Italian entrepreneur

Giovanni Rana (born 15 October 1937) is an Italian pasta maker, founder of the Giovanni Rana brand of Italian food products, including refrigerated pasta, sauces, and ready-made dishes. The brand started in 1962 with homemade tortellini and has since expanded, distributing products in 38 countries.

==Life and career==

Rana was born on 15 October 1937 in Cologna Veneta, Italy. He joined his brothers at the family bakery in San Giovanni Lupatoto, Veneto, in 1950 and began making tortellini, personally preparing the pasta and the filling. He began producing pasta and made the deliveries door-to-door with his motorbike.

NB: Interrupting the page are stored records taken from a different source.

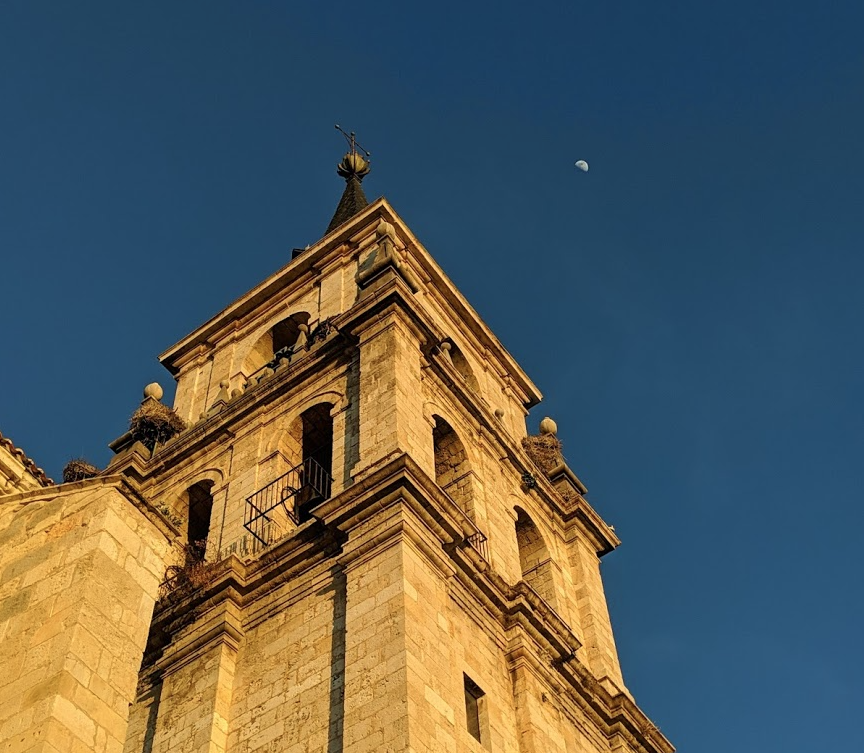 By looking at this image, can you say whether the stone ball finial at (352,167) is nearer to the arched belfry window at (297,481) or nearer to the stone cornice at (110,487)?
the arched belfry window at (297,481)

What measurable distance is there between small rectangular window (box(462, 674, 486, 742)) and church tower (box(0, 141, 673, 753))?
0.05 m

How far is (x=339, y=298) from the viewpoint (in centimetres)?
2883

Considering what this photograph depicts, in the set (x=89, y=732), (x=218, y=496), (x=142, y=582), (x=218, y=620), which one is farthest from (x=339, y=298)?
(x=89, y=732)

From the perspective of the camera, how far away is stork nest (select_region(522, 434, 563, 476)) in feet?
92.3

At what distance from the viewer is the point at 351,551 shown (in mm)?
18531

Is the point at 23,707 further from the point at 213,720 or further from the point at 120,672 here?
the point at 213,720

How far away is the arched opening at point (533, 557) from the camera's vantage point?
81.4 ft

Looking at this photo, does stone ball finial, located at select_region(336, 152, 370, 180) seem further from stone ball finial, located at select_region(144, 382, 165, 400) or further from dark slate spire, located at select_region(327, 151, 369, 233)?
stone ball finial, located at select_region(144, 382, 165, 400)

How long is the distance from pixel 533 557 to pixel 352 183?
20317 mm

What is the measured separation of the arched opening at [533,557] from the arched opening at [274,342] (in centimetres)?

In 1962 Pastificio Rana officially opened its doors. At the beginning of the production, the pasta was strictly handmade. Rana himself oversaw its distribution and delivered the tortellini from house to house.

With the assistance of local engineers and mechanics, Rana designed and developed new machines to meet the increasing demand for pasta. The machines increased production from about 33 lb of tortellini an hour to about 44000 lb an hour. In 1971, the factory moved to its current location of San Giovanni Lupatoto. Rana's son Gian Luca (today the CEO of his father's company) joined the company and expanded the brand to other European countries and the US. The first factory in Chicago opened in 2012. In October 2012 the Giovanni Rana pasta company opened its first restaurant in the United States at the Chelsea Market complex in the Chelsea neighborhood of Manhattan, New York City. The same year the firm opened a restaurant at Regent's Place in London, England, which is its first eatery in the United Kingdom.